I realized when I was practicing that sometimes my brain likes to talk through whatever’s first on the screen, but it is easier to talk through a problem like I described above. You can focus on what is important and you don’t have to worry about wasting time talking about methods or details that are not actually relevant to the problem at hand. [This example is easier than what you might expect on the assessment.]

Final comments

For my own assessment experience, my interview lasted about 40 minutes (unlike Gooi, who took 25 minutes — based on what I hear from other students, I definitely took a little longer than normal). During that time, a Texas-sized thunderstorm appeared out of nowhere and caused the power to go off. I waited several minutes for the internet to come back on. They say to expect the unexpected, but I definitely did not expect that. However, I was still able to complete the assessment calmly.
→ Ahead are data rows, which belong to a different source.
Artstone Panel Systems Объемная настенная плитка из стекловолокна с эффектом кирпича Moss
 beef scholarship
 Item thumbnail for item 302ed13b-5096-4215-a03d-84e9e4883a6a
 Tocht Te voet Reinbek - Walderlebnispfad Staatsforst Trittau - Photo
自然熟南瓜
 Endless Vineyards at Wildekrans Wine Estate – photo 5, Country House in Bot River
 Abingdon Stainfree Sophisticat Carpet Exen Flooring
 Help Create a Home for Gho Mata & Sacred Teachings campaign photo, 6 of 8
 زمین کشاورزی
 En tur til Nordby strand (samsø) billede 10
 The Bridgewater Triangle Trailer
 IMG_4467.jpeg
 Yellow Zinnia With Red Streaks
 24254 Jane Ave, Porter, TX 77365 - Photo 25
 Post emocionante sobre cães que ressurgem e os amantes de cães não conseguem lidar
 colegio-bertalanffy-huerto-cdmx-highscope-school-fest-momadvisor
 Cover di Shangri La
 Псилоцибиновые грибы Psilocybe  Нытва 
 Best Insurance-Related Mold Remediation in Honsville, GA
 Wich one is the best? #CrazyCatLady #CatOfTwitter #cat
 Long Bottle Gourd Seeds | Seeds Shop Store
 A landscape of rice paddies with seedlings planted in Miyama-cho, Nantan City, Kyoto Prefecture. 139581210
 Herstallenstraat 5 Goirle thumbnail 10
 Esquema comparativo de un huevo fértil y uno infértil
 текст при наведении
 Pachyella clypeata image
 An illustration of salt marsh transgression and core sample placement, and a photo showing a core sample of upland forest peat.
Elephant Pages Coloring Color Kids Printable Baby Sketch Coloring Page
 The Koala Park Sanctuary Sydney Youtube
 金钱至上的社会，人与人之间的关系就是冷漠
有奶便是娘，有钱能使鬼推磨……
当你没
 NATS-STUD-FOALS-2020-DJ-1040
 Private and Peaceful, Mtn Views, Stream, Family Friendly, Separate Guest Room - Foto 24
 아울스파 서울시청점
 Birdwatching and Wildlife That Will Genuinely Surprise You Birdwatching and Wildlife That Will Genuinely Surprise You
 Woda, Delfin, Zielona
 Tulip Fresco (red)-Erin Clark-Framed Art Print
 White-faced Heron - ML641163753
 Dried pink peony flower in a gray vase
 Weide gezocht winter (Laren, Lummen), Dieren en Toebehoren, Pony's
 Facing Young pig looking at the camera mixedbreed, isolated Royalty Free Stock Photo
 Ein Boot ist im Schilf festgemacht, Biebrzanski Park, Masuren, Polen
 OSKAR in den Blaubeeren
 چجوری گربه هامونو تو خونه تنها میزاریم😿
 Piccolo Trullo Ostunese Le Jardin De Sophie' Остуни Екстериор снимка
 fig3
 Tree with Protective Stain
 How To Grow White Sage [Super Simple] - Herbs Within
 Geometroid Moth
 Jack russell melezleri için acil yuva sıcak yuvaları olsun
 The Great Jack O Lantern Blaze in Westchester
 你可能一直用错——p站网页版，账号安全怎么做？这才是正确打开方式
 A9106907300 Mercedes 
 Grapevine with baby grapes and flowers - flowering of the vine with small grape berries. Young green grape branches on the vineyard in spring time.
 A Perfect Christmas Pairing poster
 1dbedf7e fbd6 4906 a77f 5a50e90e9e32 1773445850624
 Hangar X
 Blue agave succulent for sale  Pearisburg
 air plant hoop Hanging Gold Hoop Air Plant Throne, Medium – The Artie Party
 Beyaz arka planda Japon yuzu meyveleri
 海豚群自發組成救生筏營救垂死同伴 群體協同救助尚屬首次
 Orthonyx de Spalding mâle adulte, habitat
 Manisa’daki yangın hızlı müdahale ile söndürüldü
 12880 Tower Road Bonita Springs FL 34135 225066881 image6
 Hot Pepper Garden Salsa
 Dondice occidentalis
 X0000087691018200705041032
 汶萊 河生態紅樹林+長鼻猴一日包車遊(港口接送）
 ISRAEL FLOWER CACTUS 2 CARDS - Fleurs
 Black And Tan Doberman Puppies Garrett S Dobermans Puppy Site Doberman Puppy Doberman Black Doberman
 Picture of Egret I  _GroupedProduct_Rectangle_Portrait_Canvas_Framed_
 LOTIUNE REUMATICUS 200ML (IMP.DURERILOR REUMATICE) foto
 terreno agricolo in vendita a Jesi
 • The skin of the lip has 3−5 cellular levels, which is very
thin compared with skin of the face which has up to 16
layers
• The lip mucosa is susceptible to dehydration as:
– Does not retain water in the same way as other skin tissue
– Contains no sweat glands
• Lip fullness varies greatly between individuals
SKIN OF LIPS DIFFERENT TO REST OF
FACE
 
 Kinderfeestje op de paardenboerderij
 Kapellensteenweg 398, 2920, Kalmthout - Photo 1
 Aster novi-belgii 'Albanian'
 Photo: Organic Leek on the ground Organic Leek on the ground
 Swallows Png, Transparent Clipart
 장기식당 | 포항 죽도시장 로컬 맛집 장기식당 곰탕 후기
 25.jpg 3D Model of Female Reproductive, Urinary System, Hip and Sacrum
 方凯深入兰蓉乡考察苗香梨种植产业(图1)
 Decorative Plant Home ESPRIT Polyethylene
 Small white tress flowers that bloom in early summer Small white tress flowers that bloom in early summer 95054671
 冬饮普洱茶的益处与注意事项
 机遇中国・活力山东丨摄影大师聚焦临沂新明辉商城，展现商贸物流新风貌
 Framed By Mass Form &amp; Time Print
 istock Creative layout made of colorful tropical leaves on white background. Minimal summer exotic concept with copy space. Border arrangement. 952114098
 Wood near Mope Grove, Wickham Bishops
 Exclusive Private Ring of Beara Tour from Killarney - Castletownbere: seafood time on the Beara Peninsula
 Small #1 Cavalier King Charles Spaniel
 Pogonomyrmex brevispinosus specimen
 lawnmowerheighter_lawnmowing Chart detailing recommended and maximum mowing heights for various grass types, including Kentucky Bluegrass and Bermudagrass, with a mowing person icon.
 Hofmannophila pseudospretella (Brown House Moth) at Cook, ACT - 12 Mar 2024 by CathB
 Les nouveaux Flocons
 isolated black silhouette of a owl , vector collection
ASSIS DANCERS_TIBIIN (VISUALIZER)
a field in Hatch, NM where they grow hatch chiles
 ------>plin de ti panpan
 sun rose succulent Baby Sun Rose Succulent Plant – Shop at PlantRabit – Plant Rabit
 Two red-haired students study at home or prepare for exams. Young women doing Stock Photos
I credit this to the patience of other students while listening to me struggle through subpar explanations, hours of practice solving tricky problems in front of other students, and putting myself in the hot seat when practicing alone by recording myself. My body and brain were trained to deal with stress.

I made several mistakes but was able to recover somewhat quickly and fix what I did wrong. It is less about whether or not you make mistakes and more about how you respond. As the study guide says: “when you make a mistake, we also want to see how you recover — or whether you do at all.” When, not if. They expect to us to make mistakes.

JS track student William talks about collecting unusual problems or concepts to prepare for this assessment. This is a good way to prepare for the interview assessment because you will have a list of tricky problems you can use to talk through while practicing.

The problem sets from the OOP exercises are also good practice: for example, I talked through every problem in the Debugging set, which was very challenging for me. Similar to the 109 assessment, it’s a good idea to push yourself in areas you know are challenging for you in order to practice how you will react under pressure. The point is not whether or not you make a mistake, it’s how you respond to those mistakes and to unexpected problems.

I’m thankful for this chance to practice explaining concepts and solving problems in a live interview assessment. The feedback is invaluable and I know I’ll be especially grateful for these experiences when I have to solve problems in front of potential employers and future coworkers. Launch School provides a unique experience in online, mastery-based learning, and I celebrate the challenges of this assessment because I know that now I’m that much more prepared for my career.